The response should be an exact transcription of the data below, free of images.

Saved entries:
◆ ◆ ◆

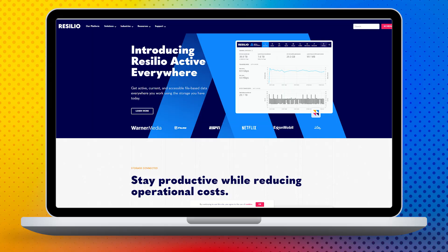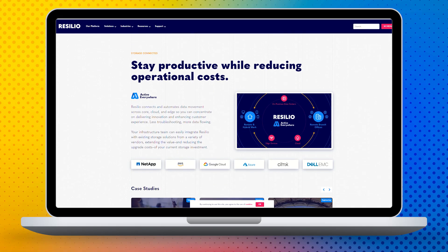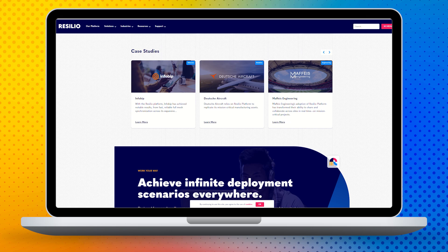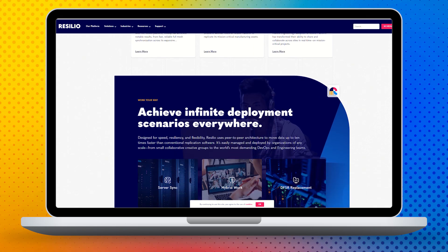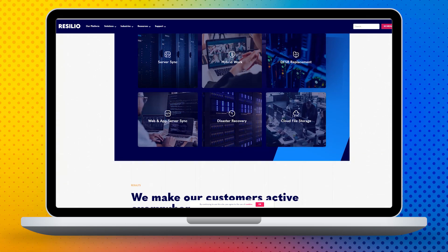We also have a lot of customers that use Resilio for media syncing, or are not working remote at all — just on-prem. And that works too.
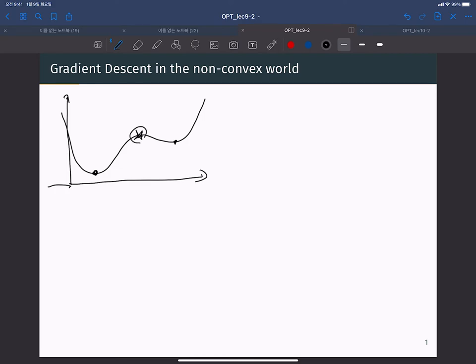One of these critical points is a local maxima. With a gradient descent approach, if we start from a certain point, gradient descent will converge and get stuck there. Because at that point, the gradient value equals zero, which means we do not move anymore. So the result of the optimization problem highly depends on the initial point.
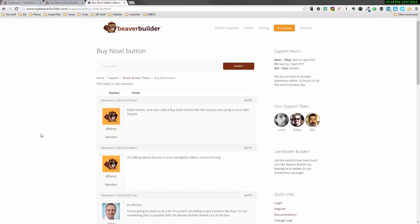Hey guys, Colin from the Dynamic Beaver. I'm just hanging out over in the Beaver Builder forums here. I noticed a post from Alfonso. And he says, hello friends, how can I add a Buy Now button like the one you're using in your site? Thanks.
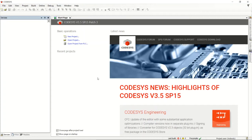Welcome back everybody to my next YouTube video in my CODESYS YouTube series. Today we're going to be looking at soft motion — just a very brief introduction to soft motion and working with it within a project. You should notice I'm using the demo license again just to test this out. Of course there are multiple licenses to expand on what I'm going to show you today, but we can at least get started and wet your whistle on soft motion in CODESYS.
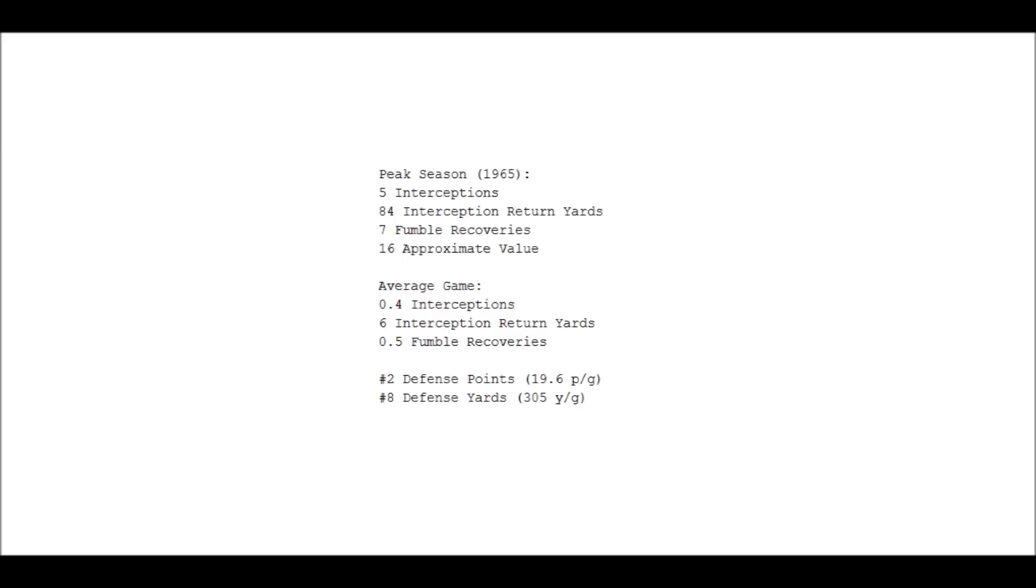An average game consisted of a 40% chance of an interception and a 50% chance of a fumble recovery. So if you just throw in a couple of forced fumbles in there, you can see what I mean with his ability to make plays and get the ball back to his offense.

◆ ◆ ◆

RESULT FOR THIS TASK:
We also have a lot of customers that use Resilio for media syncing, or are not working remote at all — just on-prem. And that works too.
One of these critical points is a local maxima. With a gradient descent approach, if we start from a certain point, gradient descent will converge and get stuck there. Because at that point, the gradient value equals zero, which means we do not move anymore. So the result of the optimization problem highly depends on the initial point.
Hey guys, Colin from the Dynamic Beaver. I'm just hanging out over in the Beaver Builder forums here. I noticed a post from Alfonso. And he says, hello friends, how can I add a Buy Now button like the one you're using in your site? Thanks.
Welcome back everybody to my next YouTube video in my CODESYS YouTube series. Today we're going to be looking at soft motion — just a very brief introduction to soft motion and working with it within a project. You should notice I'm using the demo license again just to test this out. Of course there are multiple licenses to expand on what I'm going to show you today, but we can at least get started and wet your whistle on soft motion in CODESYS.
An average game consisted of a 40% chance of an interception and a 50% chance of a fumble recovery. So if you just throw in a couple of forced fumbles in there, you can see what I mean with his ability to make plays and get the ball back to his offense.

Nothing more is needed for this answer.